INTERVIEW

こちらは、『殺戮の天使』の第4話公開前に「ほぼほぼフリーゲームマガジン Vol.2」に掲載された、真田まこと先生のロングインタビューとなります。創作の原点に迫りながら、『殺戮の天使』に活かされた演劇の経験などについても語られた、非常に濃い内容となっており、話題を呼んだ文章です。どうぞお楽しみに。

『殺戮の天使』製作のヒミツ

――今作『殺戮の天使』(以下、殺戮)が、前作『霧雨が降る森』(以下、霧雨)に続いて、大きな反響を呼んでいますね。

本当にありがたい限りです。プレイしたという感想も多くいただいて、励みになっています。

――今作は前作とは雰囲気がずいぶん違いますが、今作を思いついたキッカケを教えてください。

『霧雨』を作っている最中に、製作を止めていた時期があって、そのときに構想したんです。最初に、女の子が殺人鬼の待ち構えるビルを昇っていくシチュエーション(注1)を思いつき、そこから物語を膨らませました。

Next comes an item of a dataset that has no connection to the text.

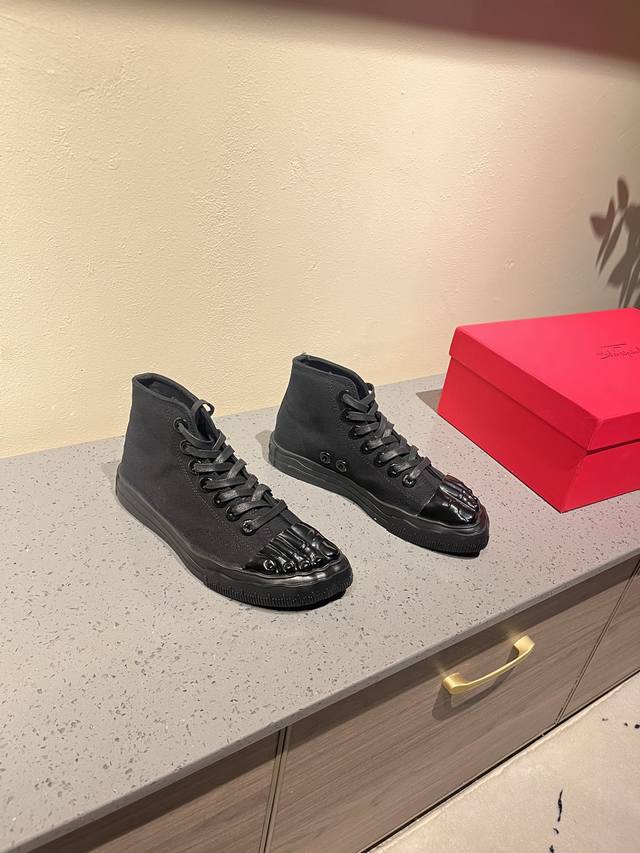 一种不属于这个世界的美 夏帕瑞丽金色精灵金色脚趾帆布运动鞋 Schiaparelli Fw24成衣秀场最出彩的一个Look 香奈儿差点“人都没了”！差点动摇时尚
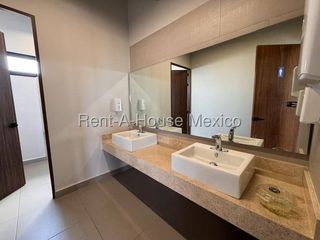 Oficina en renta en Jurica Querétaro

ただ、当初のザックは、もう少し皮肉な笑い方をするキャラだったりダニーがさほど重要な位置づけではなかったりと、いろいろ違う部分があります。作品を形にしていくなかで、キャラクターが深まっていったんです。

注1:覚えのない、無機質な部屋で目が覚めたレイチェルは、自分を待つ両親の元へ向かうため、この建物からの脱出を決意し階を上がっていく。その行く手に待ち受ける危険を、このときはまだ知る由もない。

――今回もホラーゲームですが、このジャンルにこだわりがあるのですか?

ふたつ続いたのはたまたまですが(笑)、ホラーは自分でも好きなジャンルです。まず、フィクションなのに恐怖というリアルで生々しい感情に包まれますよね。作る側としては、ほかのジャンルの物語では描きづらい、人間の深い部分にある感情を描けるのも長所です。ダニーやキャシーのようなサイコキラーを面白く描けるのは、ホラーならではですね。

――今回の『殺戮』では、ゲーム部分や物語だけでなく、B2の教会のドット絵や魔女裁判(注2)などに見られる魅力的な表現も注目されていますね。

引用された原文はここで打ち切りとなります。